35 % des dirigeants ouverts à l'expérimentation
Outre-Manche, le test organisé par l'association « 4 Day Week Global », Cambridge et Boston College durant six mois en 2022 pour 2 200 salariés de 61 entreprises, a mis en exergue une progression du CA par rapport à 2021, une baisse de l'absentéisme et des démissions, une facilitation des embauches. Si 90 % des salariés se sont dits convaincus, c'est parce qu'ils ont vu leur santé physique et mentale s'améliorer, leurs problèmes de sommeil et taux de stress se réduire selon l'étude. Le week-end deviendrait un vrai temps de loisirs, libéré de la « gestion de foyer ». Les quatre-cinquièmistes peuvent combiner les activités, s'aligner avec leurs valeurs, s'occuper de leurs proches durant le jour « off ». « Nous avons dû licencier début 2022 et avons envoyé un signal fort de bien-être à ceux qui restaient, en introduisant la semaine de quatre jours en septembre », illustre Camille Darde, DRH d'Elmy (80 M de CA, 120 salariés), fournisseur d'électricité verte à Lyon. Selon un sondage Robert Halph de juin 2022 réalisé auprès de 300 dirigeants français, 35 % ont émis le désir de passer à une phase d'expérimentation. « À l'aune de la sobriété énergétique, baisser de 20 % les déplacements domicile travail n'est pas non plus négligeable », remarque Alexis Berthel.

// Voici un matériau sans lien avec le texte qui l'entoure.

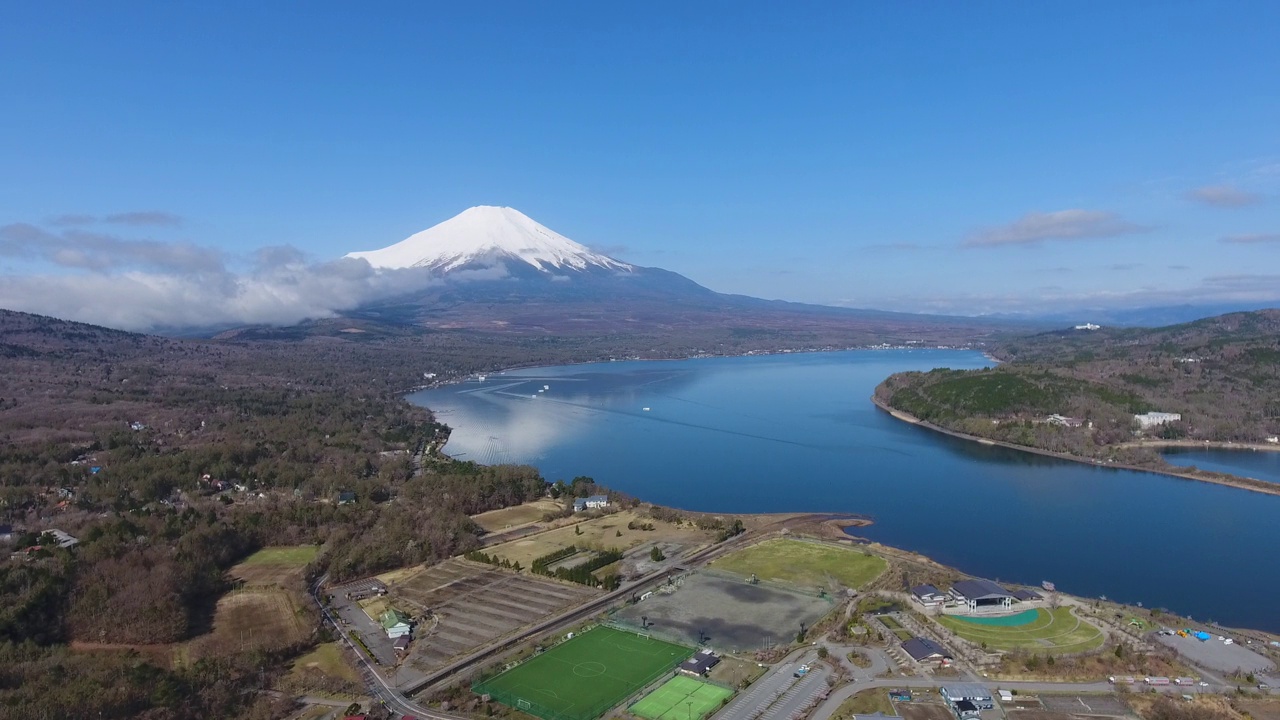 日本川口湖富士山的无人机鸟瞰图视频素材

QVT & salaires, une équation qui varie selon les cultures d'entreprises
Trois approches de mise en place se distinguent. Premièrement, le principe d'une semaine de quatre jours avec un volume horaire réduit, parfois à 32 heures tout en conservant un salaire identique, comme l'économiste Pierre Larrouturou le conseillait déjà dans un essai de 2016. « Nous ne voulions pas rallonger les journées travaillées, sortir des horaires de garderie et générer de la fatigue », explique Camille Darde chez Elmy qui a diminué la semaine de quatre heures, à 35h. Deuxième voie, compacter les 35 heures sur quatre jours, là encore après un accord collectif. Troisièmement, si la transformation s'avère trop lourde, la méthode du 4/5e, revenant à chômer un jour par semaine, induit un contrat de travail à temps partiel pour l'individu qui y perd en salaire.
Jouer sur la polyvalence des postes et mettre en place un système de rémunération variable collectif
Certains acteurs ferment une journée dans la semaine, d'autres mettent en place un roulement entre salariés. « Les collaborateurs choisissent entre le mercredi et le vendredi. LDLC, qui a franchi le pas, nous a conseillé cette solution et la constitution de binômes pour le choix des jours », soutient Camille Darde. Un moyen pour que les réunions d'équipes au complet puissent avoir lieu. « Après quelques tests, nous avons décidé de fermer le mercredi, jour des enfants », avance Christelle Gonidec, dirigeante fondatrice d'Innov RH (300 000 € de CA, 12 salariés) à Chambéry qui a basculé aux 32h en septembre 2022 et reçoit plus de candidatures spontanées depuis. D'autres lissent à 32 le nombre d'heures hebdomadaires travaillées en moyenne sur une année, sans que les semaines soient obligatoirement de quatre jours. C'est en fait l'organisation du travail et le management qui doivent évoluer en amont. « La culture doit s'y prêter, avec des salariés engagés et autonomes. Certains ont retravaillé sur leur jour off au début pour atteindre les objectifs », retrace Camille Darde chez Elmy qui fonctionnait déjà en holocratie. Et lorsque l'exigence de disponibilité permanente est de mise, l'évolution est impossible. « Tous les métiers et entreprises ne sont pas concernés », résume Alexis Berthel. Jouer sur la polyvalence des postes, mettre en place un système de rémunération variable collectif et non individuel, ralentir la communication par courriel... ne s'invente pas du jour au lendemain et induit discussions en amont et formations. « Nous avons aussi accepté de moins répondre aux sollicitations, d'allonger les délais pour le bien-être des salariés. Les clients viennent nous chercher pour autre chose », témoigne Christelle Gonidec.
Chiffres clés:
- 62 % des mères de deux enfants sont en temps complet, contre 87,6 % des pères, selon l'Insee (données 2018)
- 64 % des salariés français souhaiteraient bénéficier d'une plus grande flexibilité dans l'organisation de leurs horaires de travail, avec la possibilité de les condenser sur une semaine de quatre jours selon une étude ADP de mai 2022
- Seules 19 % des entreprises ont mis en place un accord de travail flexible, et 5 % d'entre-elles ont adopté la semaine de quatre jours selon ADP.
- 25% des cadres de l'Hexagone estiment que leur santé mentale au travail s'est dégradée ces deux dernières années selon une étude récente de l'APEC, à cause d'un sentiment de surcharge, d'épuisement professionnel ou de stress intense.